Additionally, the FCPA prohibits indirect bribes or payments through intermediaries. Indirect bribes are made to a person while knowing that a portion of the payment will be used by that person in order to bribe foreign officials. In this context, the payor does not have to know with absolute certainty that some or all of the payment will be used to bribe a foreign official. Under current law, willful blindness to the likelihood of bribery is enough to establish the “knowing” element.
In contrast with the anti-bribery provisions, the accounting provisions of the FCPA apply regardless of whether any bribery is involved. The accounting provisions require businesses to maintain records that are an accurate reflection of their transactions, and require businesses to maintain sufficient internal accounting controls. In doing so, these provisions work to prevent the use of accounting practices that are intended to conceal corrupt transactions. Additionally, since the accounting provisions of the FCPA lack a materiality requirement, a fraudulent transaction of any amount may support liability under the FCPA.
The FCPA is jointly enforced by the SEC, which brings civil actions for FCPA violations, and the Department of Justice, which prosecutes criminal FCPA violations.
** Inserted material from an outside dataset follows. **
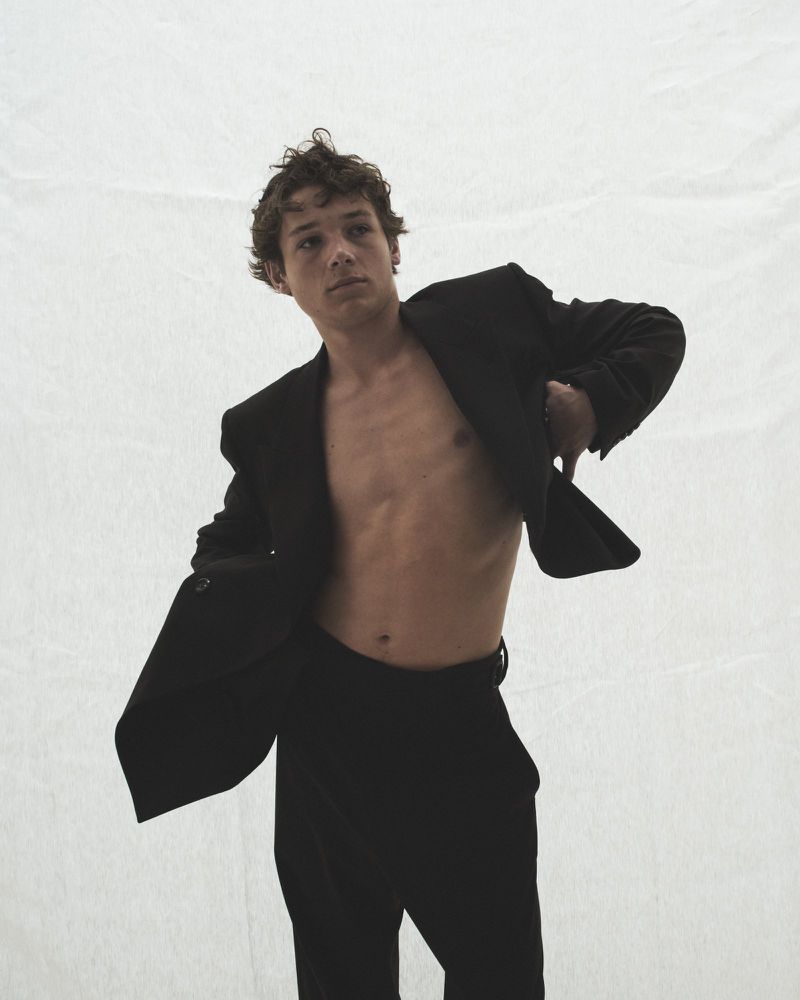 Young adult male model in unbuttoned black suit jacket and pants posing against a white backdrop in a fashion editorial style.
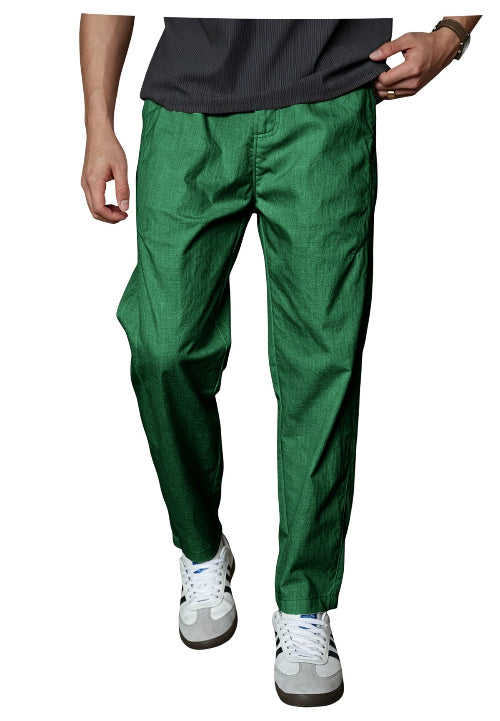 A person wearing bright green tapered pants with a dark gray t-shirt and white sneakers, shown from the waist down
If found to be in violation of the FCPA, individuals and corporations alike are subject to both criminal and civil penalties. The FCPA also prohibits an individual’s employer from indemnifying any fines imposed by the government.
For each violation of the anti-bribery provisions, business entities face a fine of up to $2 million. Individuals face a fine of up to $100,000 and a maximum of five years’ imprisonment. For each violation of the accounting provisions, business entities face a fine of up to $25 million. Individuals face a fine of up to $5 million and a maximum of 20 years’ imprisonment.
Additionally, all FCPA-mandated criminal fines may be increased to equate to twice the amount gained by the offender or to twice the loss incurred by another individual. Further penalties may include supplementary criminal or civil actions under the Racketeer Influenced and Corrupt Organizations Act (RICO), suspension of export licenses, disgorgement, possible debarment from the securities industry and certain federal programs, or required oversight by an independent compliance monitor. Violations may also result in undesirable publicity, which may adversely impact a company’s reputation and ability to conduct business.
Routine Governmental Action Exception and Defenses.
There is an exception to the FCPA with respect to any “facilitating or expediting payment” that is used to further the performance of a routine governmental action, such as non-discretionary acts. However, the exception is not satisfied when a payment is made to a foreign official with discretion to continue business with the payor.
There are also two notably affirmative defenses available under the FCPA. A defendant may have an affirmative defense if they are able to show that the payment was lawful under the laws of the foreign official’s country or that the payment was related to a reasonable and bona fide expenditure. Such expenditures include payments made directly relating to the promotion or explanation of a product or service, as well as limited travel expenses.